▸ DATA RECORDS

━━━━━━━━━━━━━━━━

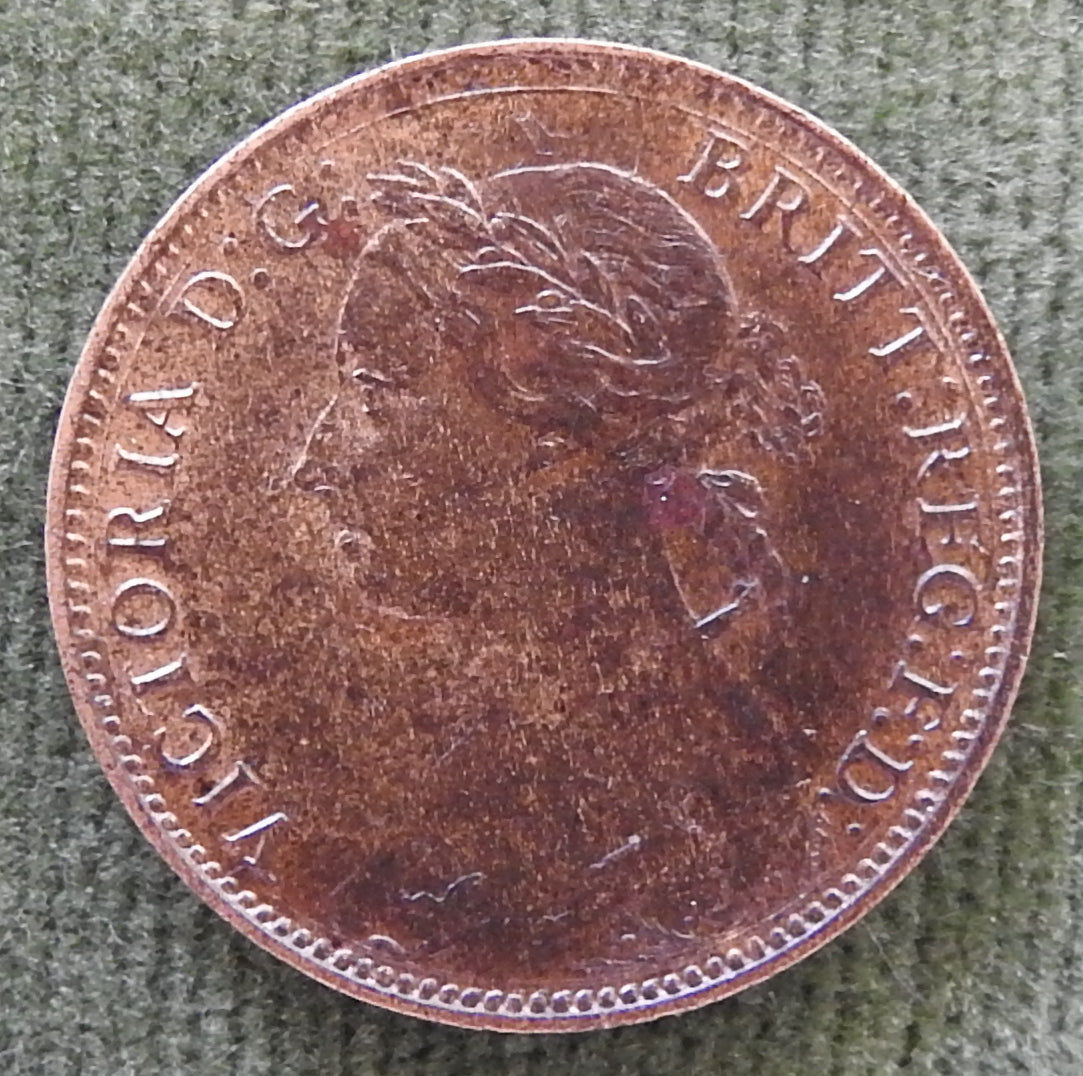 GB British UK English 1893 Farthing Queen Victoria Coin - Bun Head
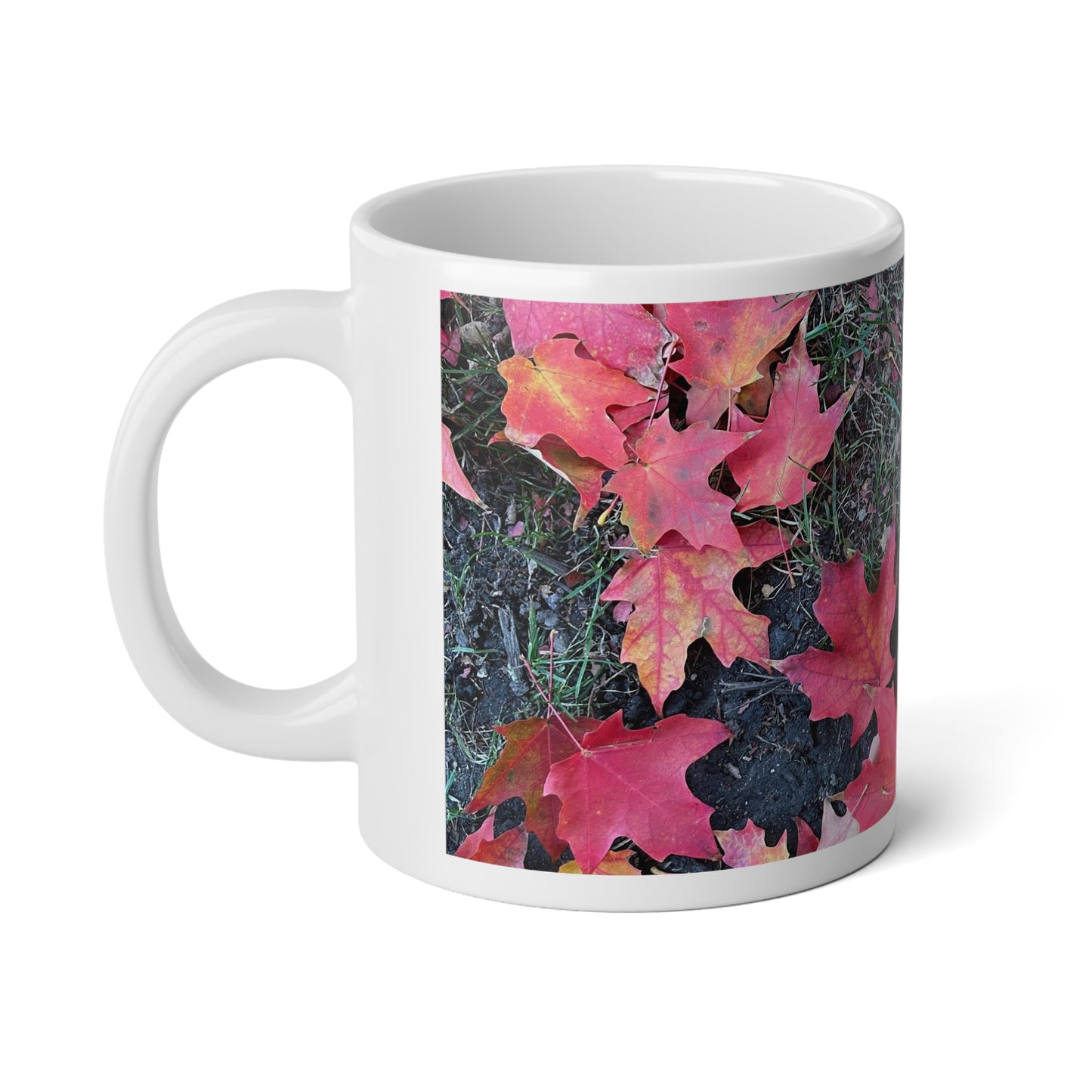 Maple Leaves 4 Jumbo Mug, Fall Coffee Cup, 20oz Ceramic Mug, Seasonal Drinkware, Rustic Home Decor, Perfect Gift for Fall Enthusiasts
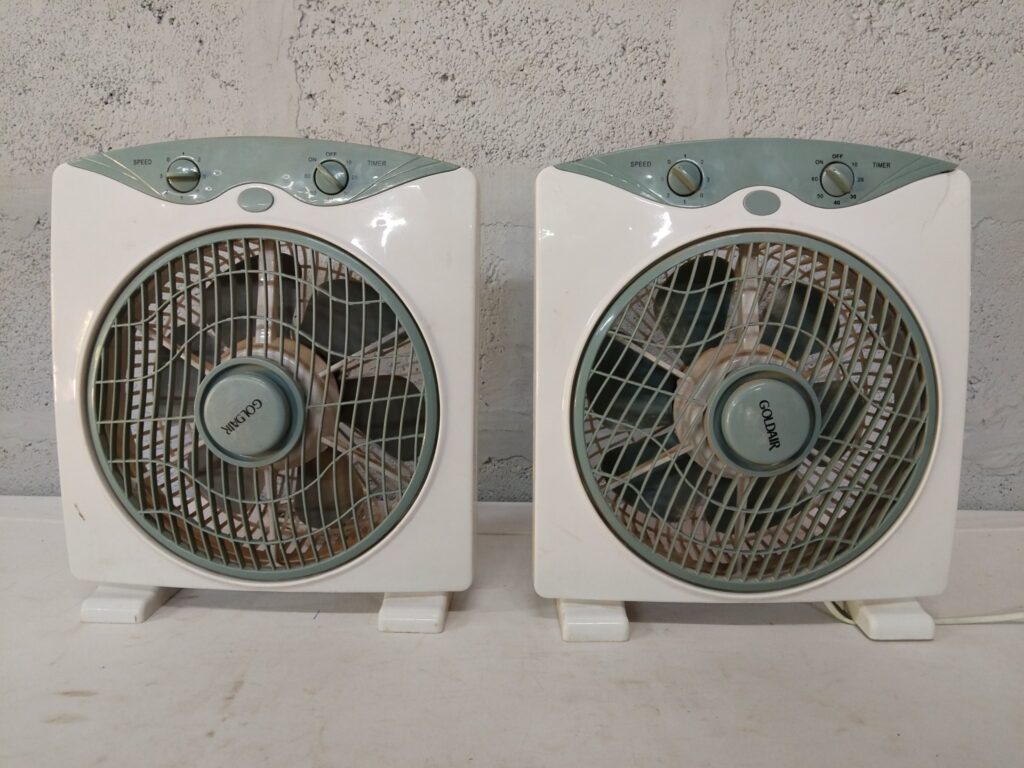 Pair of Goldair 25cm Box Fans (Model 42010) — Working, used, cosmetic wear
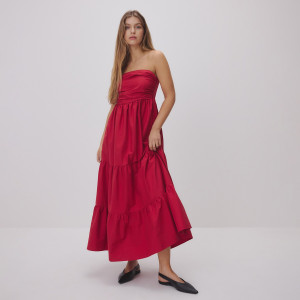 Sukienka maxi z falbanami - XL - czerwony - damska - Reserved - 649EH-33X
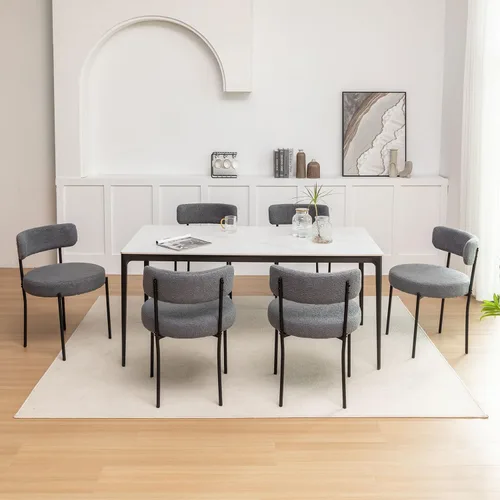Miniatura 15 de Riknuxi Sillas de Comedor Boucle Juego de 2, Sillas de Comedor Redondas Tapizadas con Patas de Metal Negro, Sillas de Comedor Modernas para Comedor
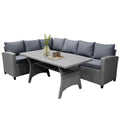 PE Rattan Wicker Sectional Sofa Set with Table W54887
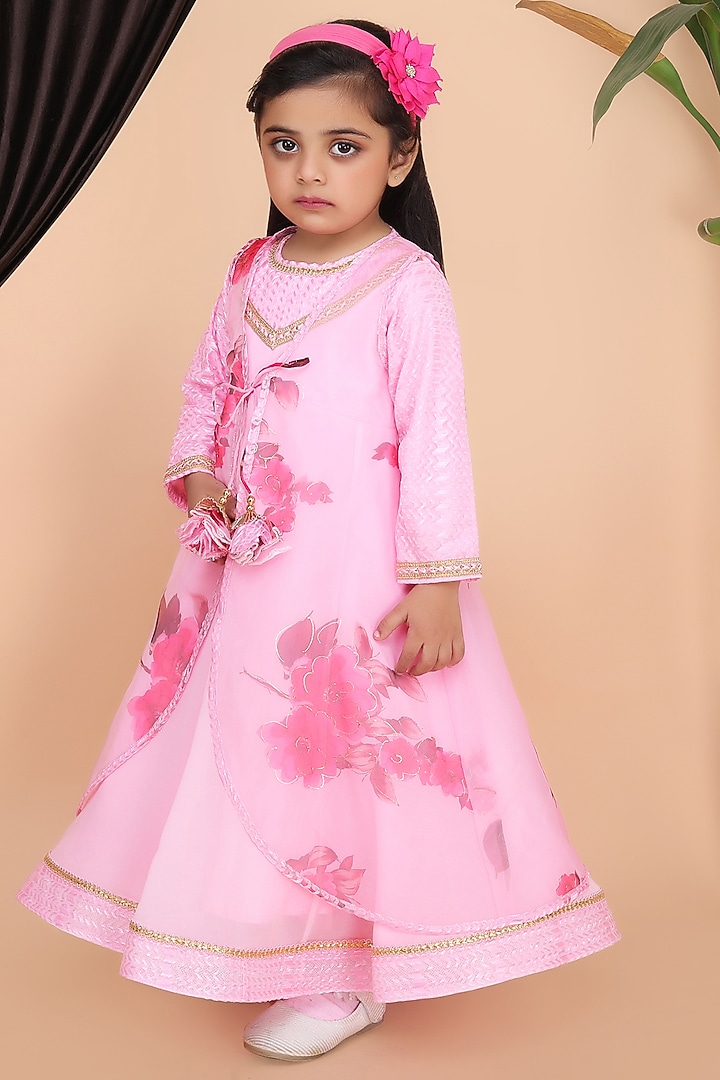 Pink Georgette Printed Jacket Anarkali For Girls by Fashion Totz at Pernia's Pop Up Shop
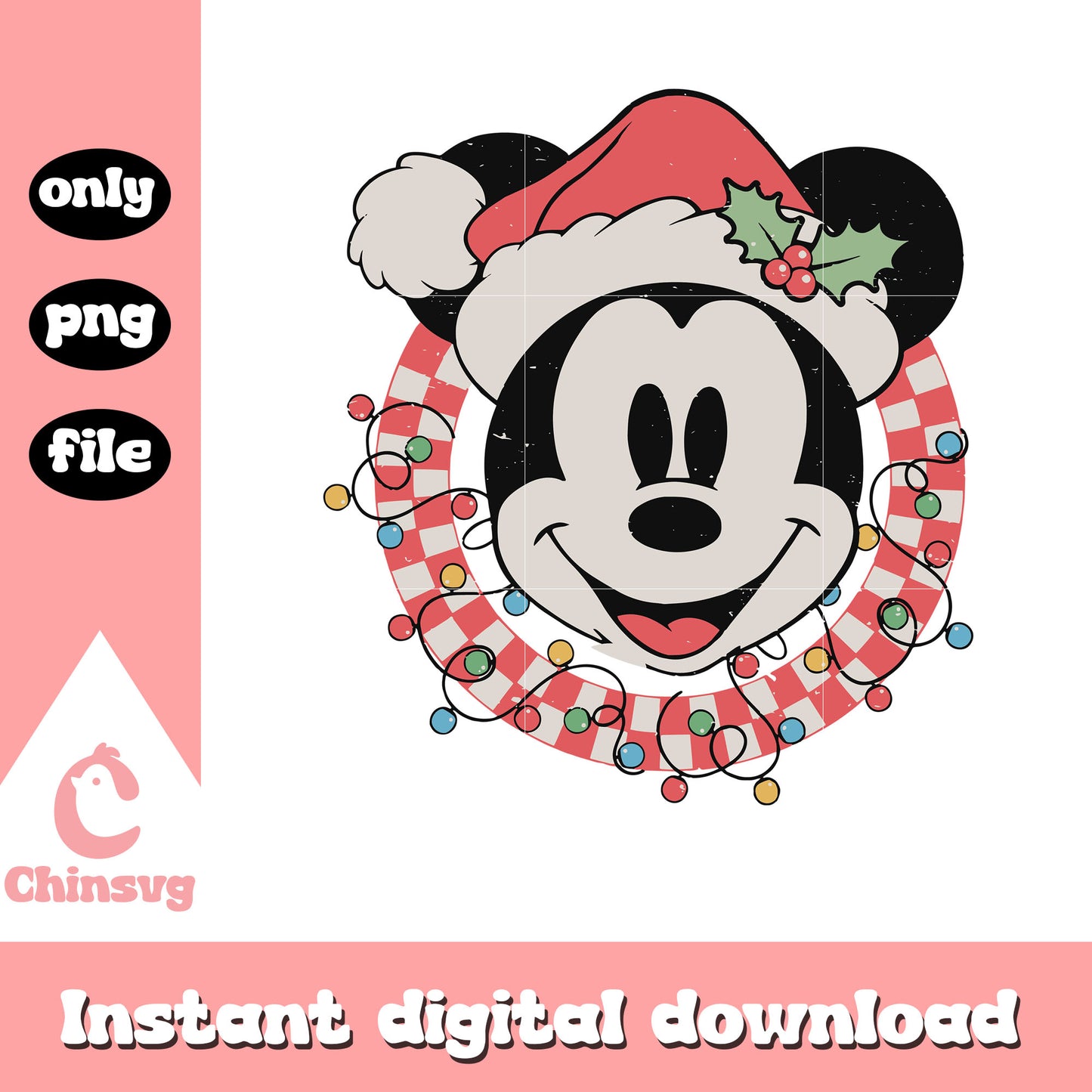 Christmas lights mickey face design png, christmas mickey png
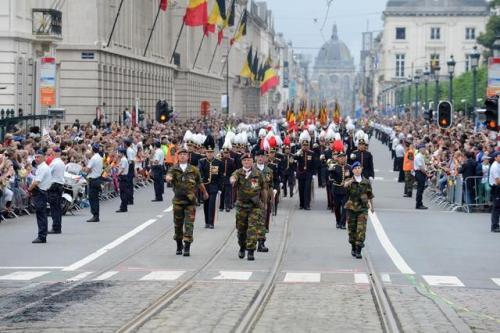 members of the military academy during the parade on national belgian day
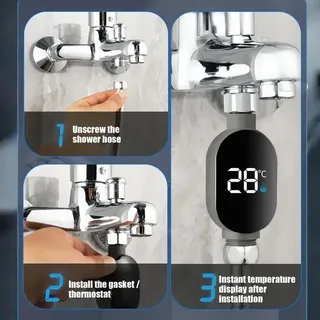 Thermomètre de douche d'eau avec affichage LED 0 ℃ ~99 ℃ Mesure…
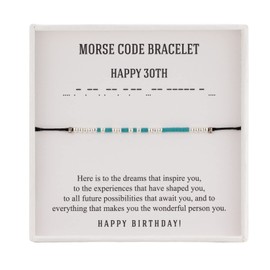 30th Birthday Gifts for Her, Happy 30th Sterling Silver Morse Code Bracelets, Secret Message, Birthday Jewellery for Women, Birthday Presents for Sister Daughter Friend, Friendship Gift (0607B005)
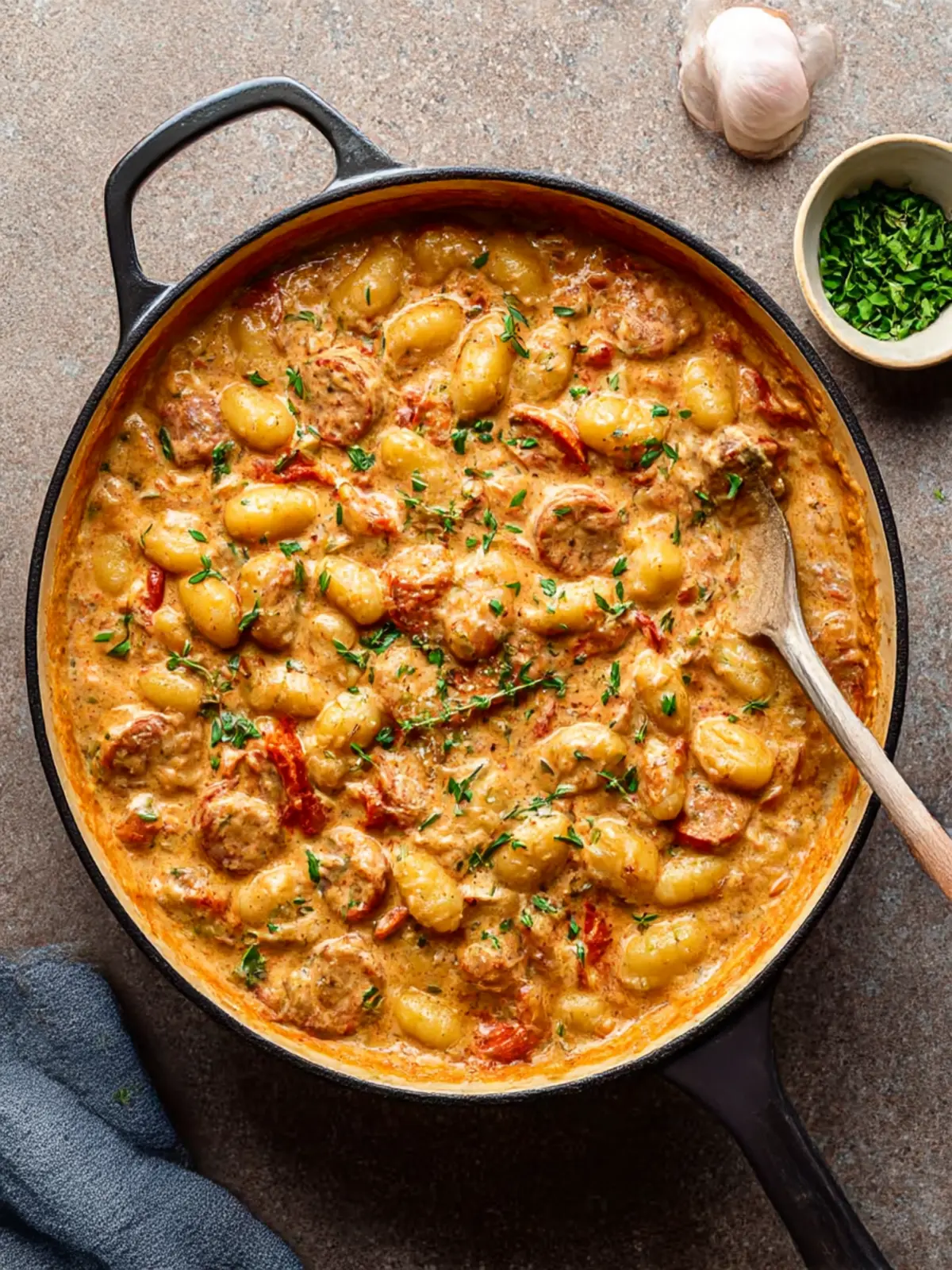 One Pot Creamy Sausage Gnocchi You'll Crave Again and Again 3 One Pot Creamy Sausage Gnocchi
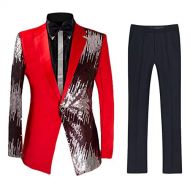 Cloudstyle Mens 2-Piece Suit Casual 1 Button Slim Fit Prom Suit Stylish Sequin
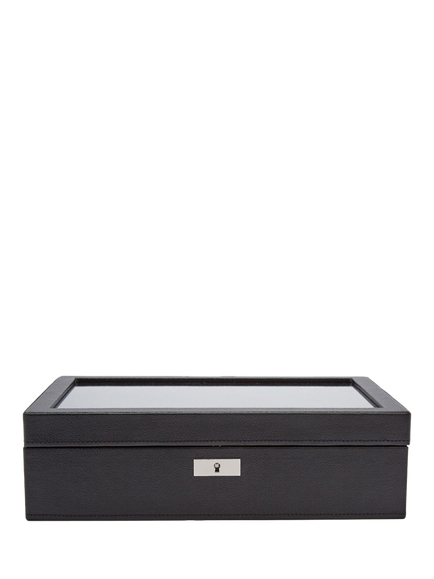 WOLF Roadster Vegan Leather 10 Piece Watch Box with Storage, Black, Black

━━━━━━━━━━━━━━━━

▸ ACTION ITEM
Only the lines from the beginning of the records up to and including the line with "One Pot Creamy Sausage Gnocchi You'll" should appear, exactly as they are, and no pictures.

▸ WRITTEN SOLUTION
 GB British UK English 1893 Farthing Queen Victoria Coin - Bun Head
 Maple Leaves 4 Jumbo Mug, Fall Coffee Cup, 20oz Ceramic Mug, Seasonal Drinkware, Rustic Home Decor, Perfect Gift for Fall Enthusiasts
 Pair of Goldair 25cm Box Fans (Model 42010) — Working, used, cosmetic wear
 Sukienka maxi z falbanami - XL - czerwony - damska - Reserved - 649EH-33X
Miniatura 15 de Riknuxi Sillas de Comedor Boucle Juego de 2, Sillas de Comedor Redondas Tapizadas con Patas de Metal Negro, Sillas de Comedor Modernas para Comedor
 PE Rattan Wicker Sectional Sofa Set with Table W54887
 Pink Georgette Printed Jacket Anarkali For Girls by Fashion Totz at Pernia's Pop Up Shop
 Christmas lights mickey face design png, christmas mickey png
 members of the military academy during the parade on national belgian day
 Thermomètre de douche d'eau avec affichage LED 0 ℃ ~99 ℃ Mesure…
 30th Birthday Gifts for Her, Happy 30th Sterling Silver Morse Code Bracelets, Secret Message, Birthday Jewellery for Women, Birthday Presents for Sister Daughter Friend, Friendship Gift (0607B005)
 One Pot Creamy Sausage Gnocchi You'll Crave Again and Again 3 One Pot Creamy Sausage Gnocchi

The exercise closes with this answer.